• Exercise instructions: Please, without the pictures, restate every entry exactly.

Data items
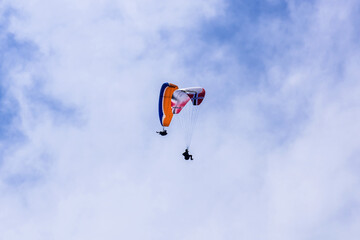 Paraglider flying against the blue sky with colorful wing above the clouds.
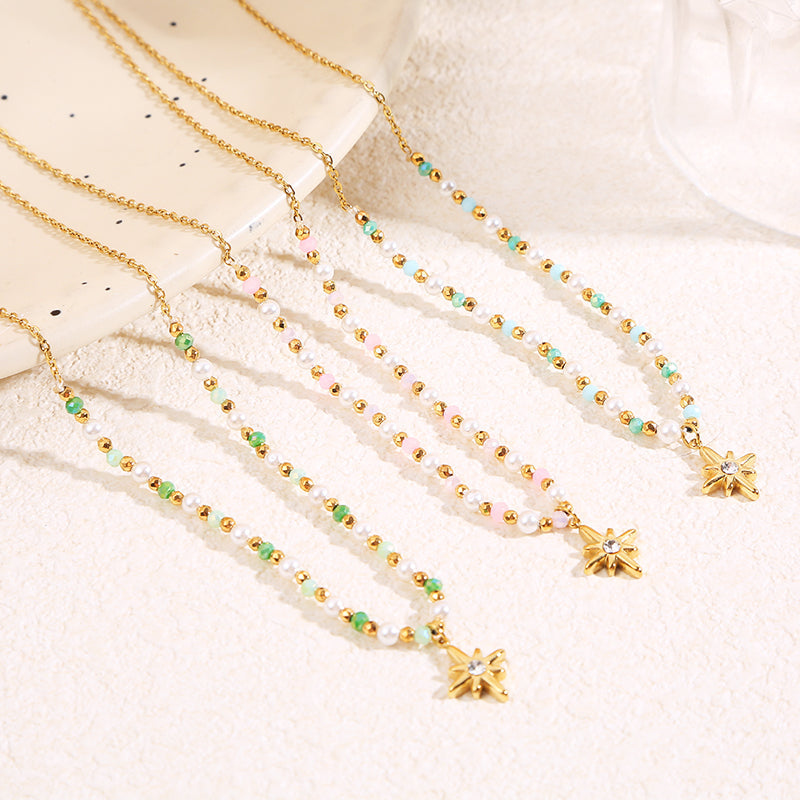 Collier doré cristaux pendentif étoile strass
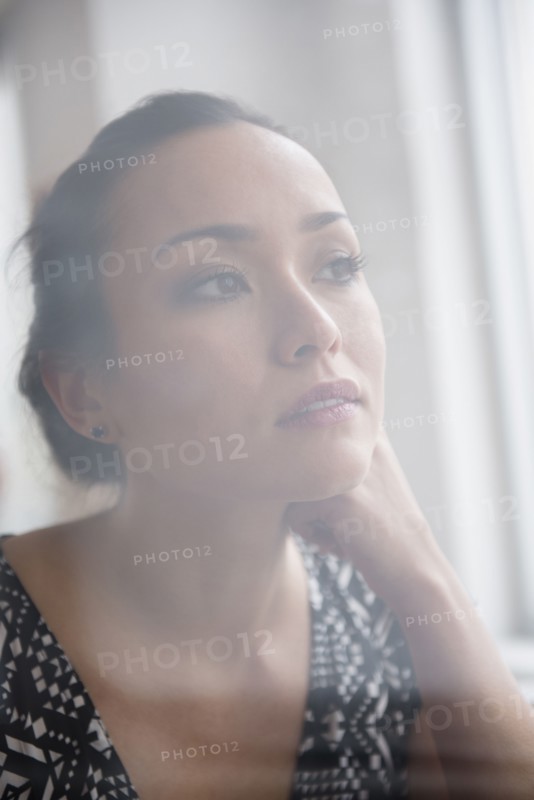 Tranquil woman looking out window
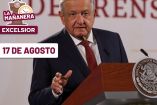 AMLO de traje y corbata roja con el rostro serio
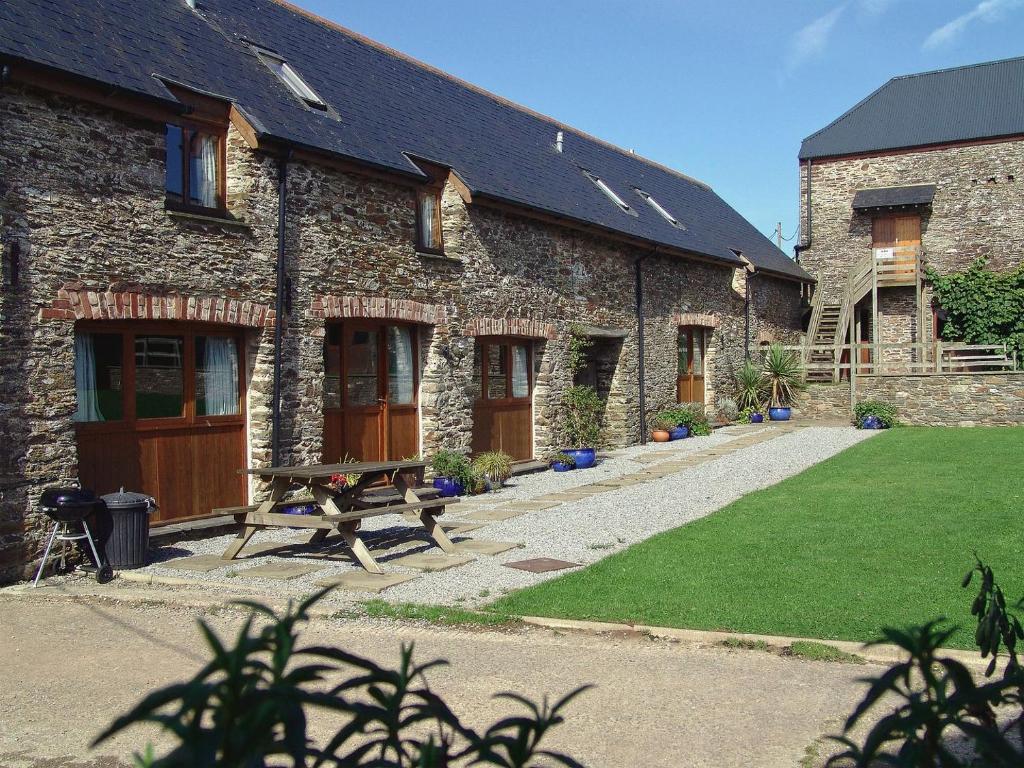 a stone building with a bench in front of it at Mad Nelly Cottage in Moreleigh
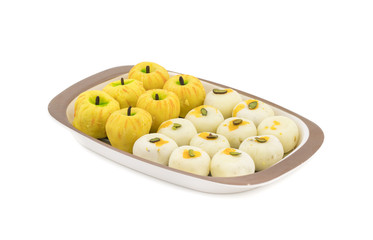 Indian Mix Sweet Food Apple Shaped Peda With White Peda Also Know as pedha, pera or peday is a prepared in thick, semi-soft pieces. the main ingredients are khoya, sugar and flavorings
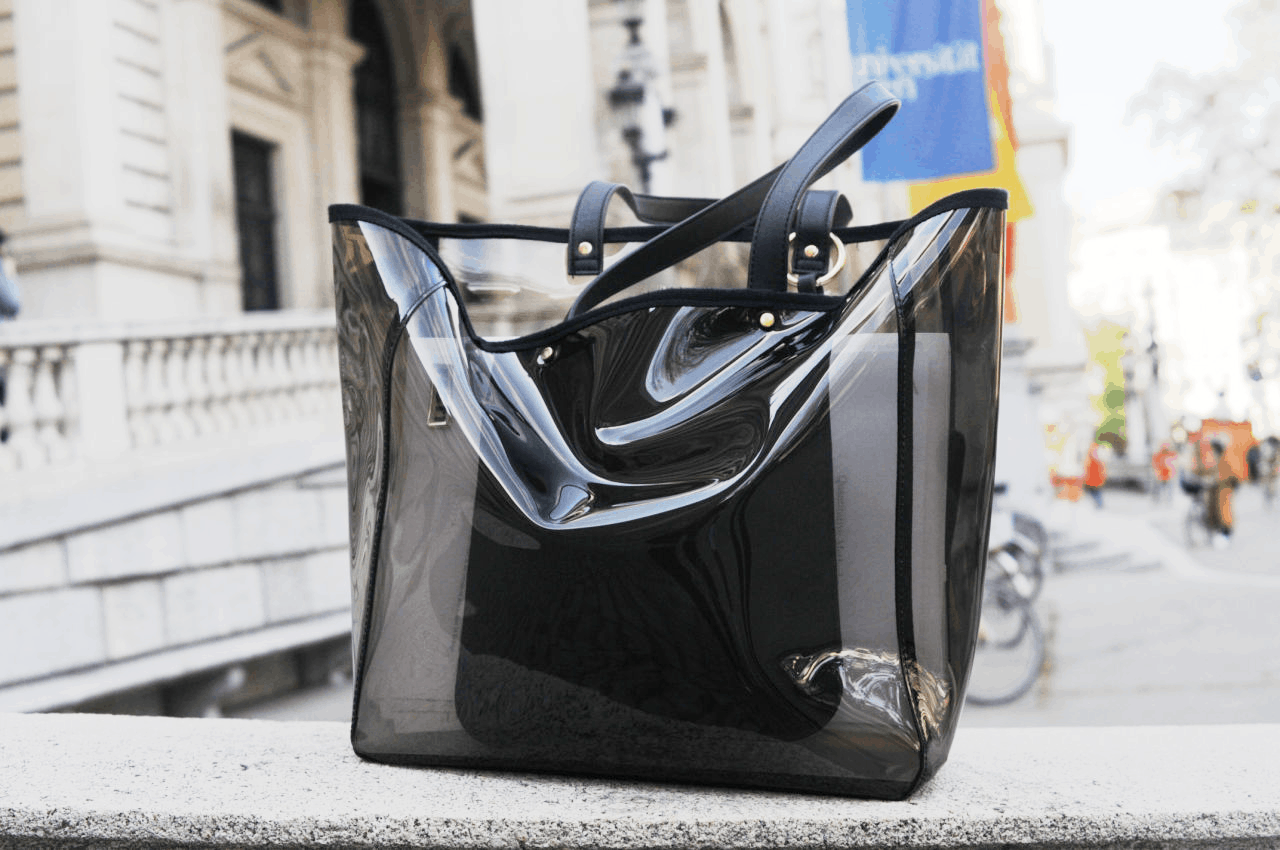 A clear black PVC tote bag on campus at University of Vienna -- perfect trendy bag for school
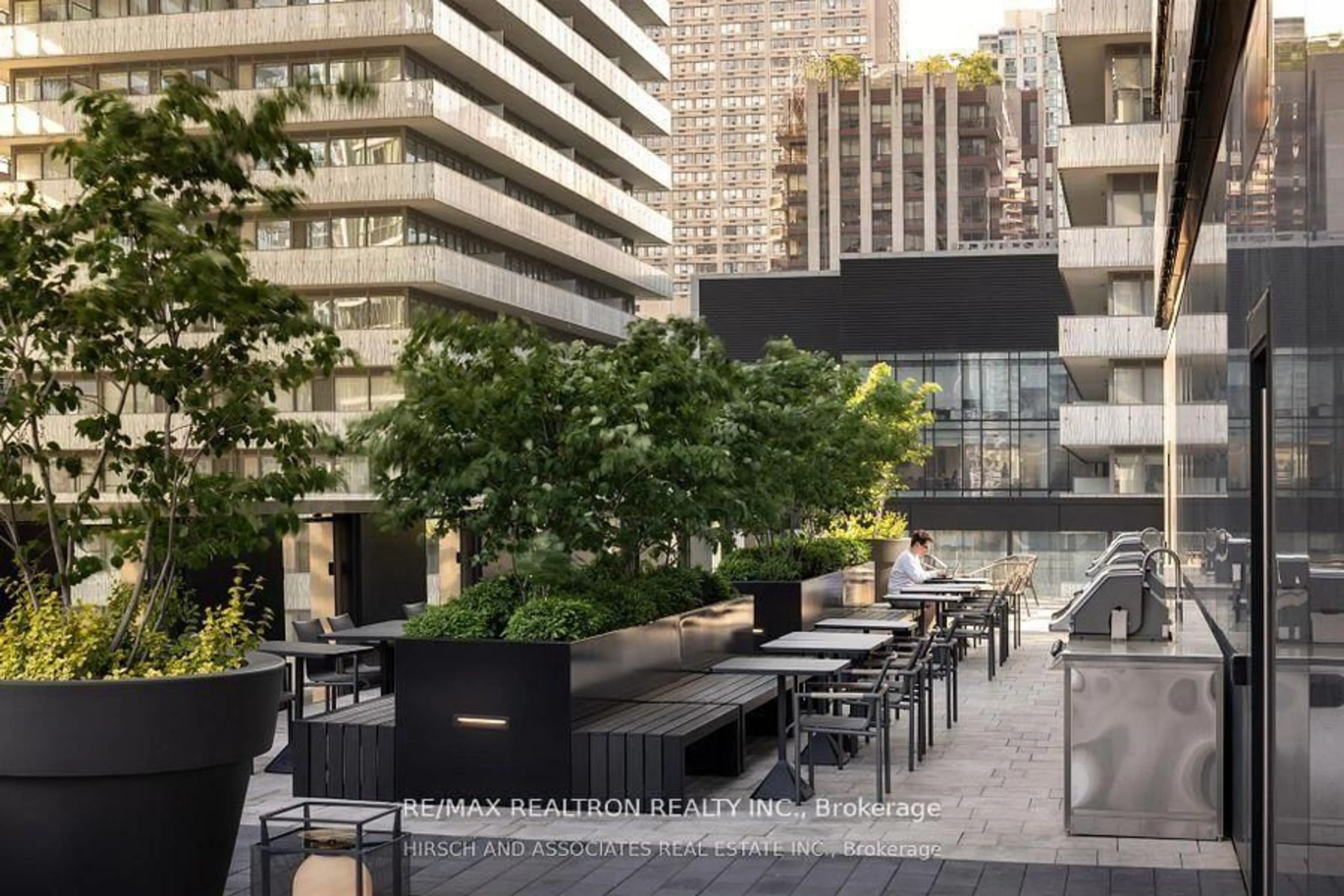 Patio, city buildings view from balcony for 55 Charles St #803, Toronto Ontario M4Y 0J1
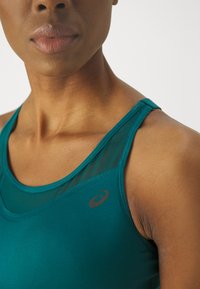 Mėlynas sportinis tanko tipo marškinėlis su tinklelio detalėmis, apvaliu kaklu ir logotipo akcentu ant krūtinės, rodantis glotnų audinį ir pritaikytą dizainą.
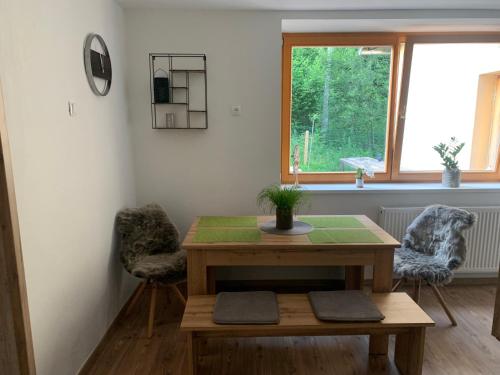 a room with a table and two chairs and a window at Črjanski Raj in Črna na Koroškem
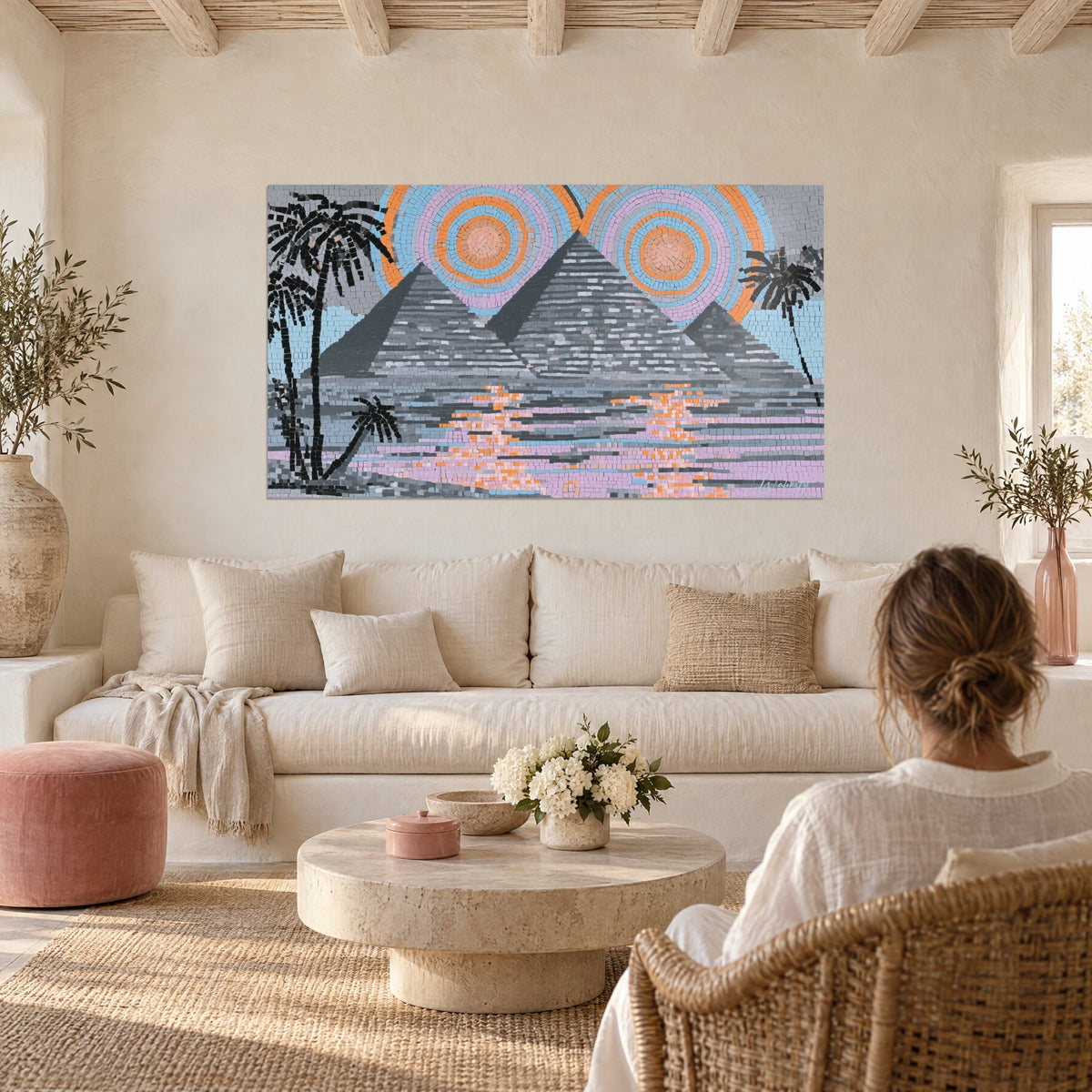 Schilderij grijze piramides in mozaïek onder twee oranje zonnen, zwarte palmbomen, roze reflecties, boven een bank in een lichte woonkamer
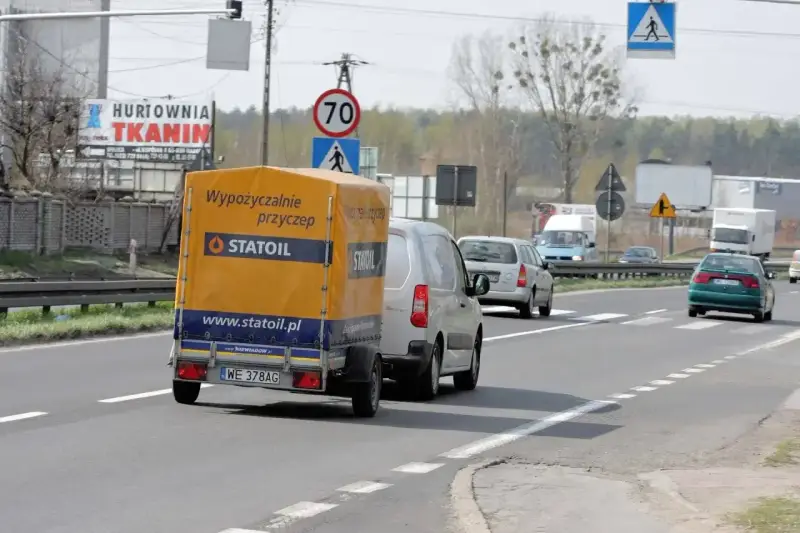 Samochód z żółtą przyczepką Statoil jedzie drogą. Znak ograniczenia do 70 km/h sugeruje, ile można jechać z przyczepką w tym miejscu.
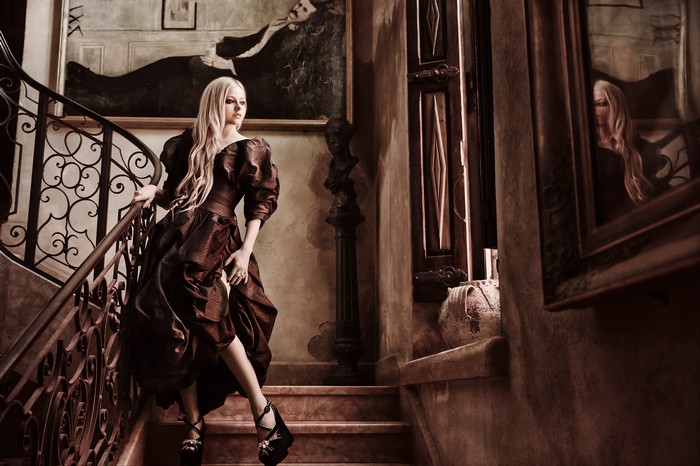 Avril Lavigne posing on a grand staircase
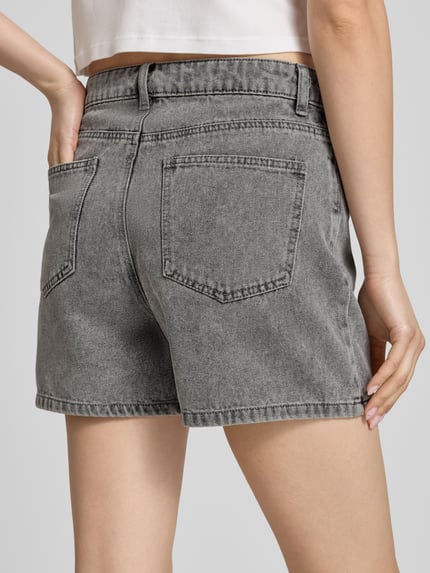 Frauenmodel trägt Regular Fit Jeansshorts aus Baumwoll-Mix Modell 'ABBI' von Pieces in grauer Denim-Optik mit 5-Pocket-Design, Ganzkörperansicht Rückansicht.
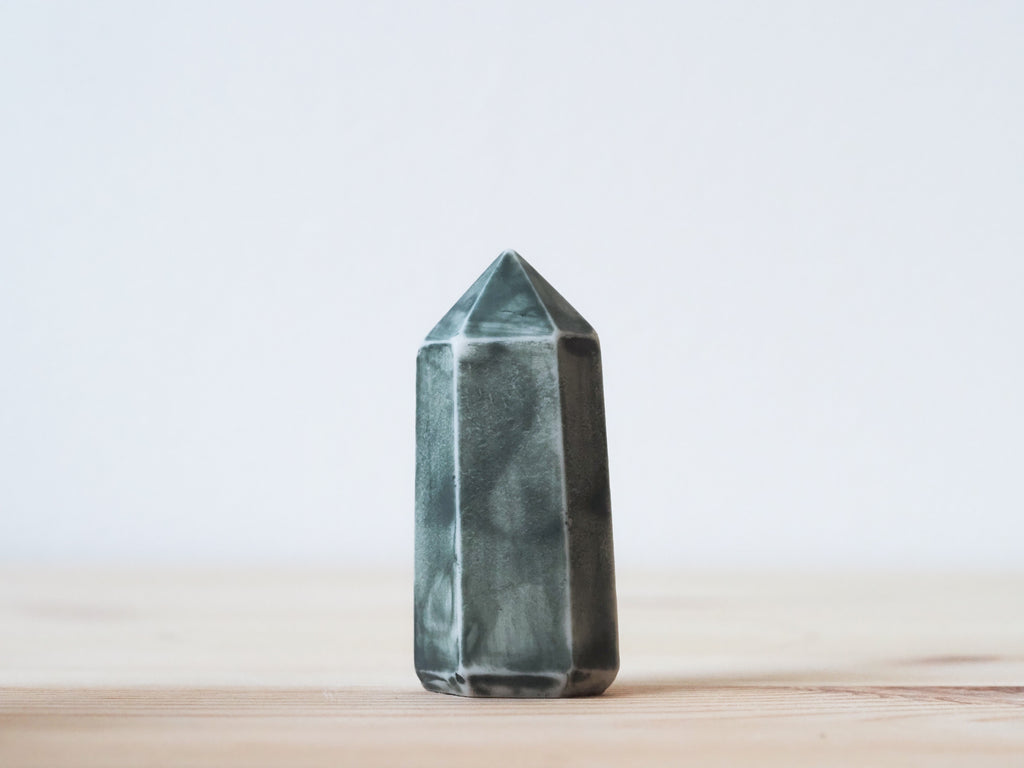 Handcrafted porcelain crystal sculpture, unique sculptural decorative piece with textured surface, subtle tints, and natural variations.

• Answer below:
 Paraglider flying against the blue sky with colorful wing above the clouds.
 Collier doré cristaux pendentif étoile strass
 Tranquil woman looking out window
 AMLO de traje y corbata roja con el rostro serio
 a stone building with a bench in front of it at Mad Nelly Cottage in Moreleigh
 Indian Mix Sweet Food Apple Shaped Peda With White Peda Also Know as pedha, pera or peday is a prepared in thick, semi-soft pieces. the main ingredients are khoya, sugar and flavorings
 A clear black PVC tote bag on campus at University of Vienna -- perfect trendy bag for school
 Patio, city buildings view from balcony for 55 Charles St #803, Toronto Ontario M4Y 0J1
 Mėlynas sportinis tanko tipo marškinėlis su tinklelio detalėmis, apvaliu kaklu ir logotipo akcentu ant krūtinės, rodantis glotnų audinį ir pritaikytą dizainą.
 a room with a table and two chairs and a window at Črjanski Raj in Črna na Koroškem
 Schilderij grijze piramides in mozaïek onder twee oranje zonnen, zwarte palmbomen, roze reflecties, boven een bank in een lichte woonkamer
 Samochód z żółtą przyczepką Statoil jedzie drogą. Znak ograniczenia do 70 km/h sugeruje, ile można jechać z przyczepką w tym miejscu.
 Avril Lavigne posing on a grand staircase
 Frauenmodel trägt Regular Fit Jeansshorts aus Baumwoll-Mix Modell 'ABBI' von Pieces in grauer Denim-Optik mit 5-Pocket-Design, Ganzkörperansicht Rückansicht.
 Handcrafted porcelain crystal sculpture, unique sculptural decorative piece with textured surface, subtle tints, and natural variations.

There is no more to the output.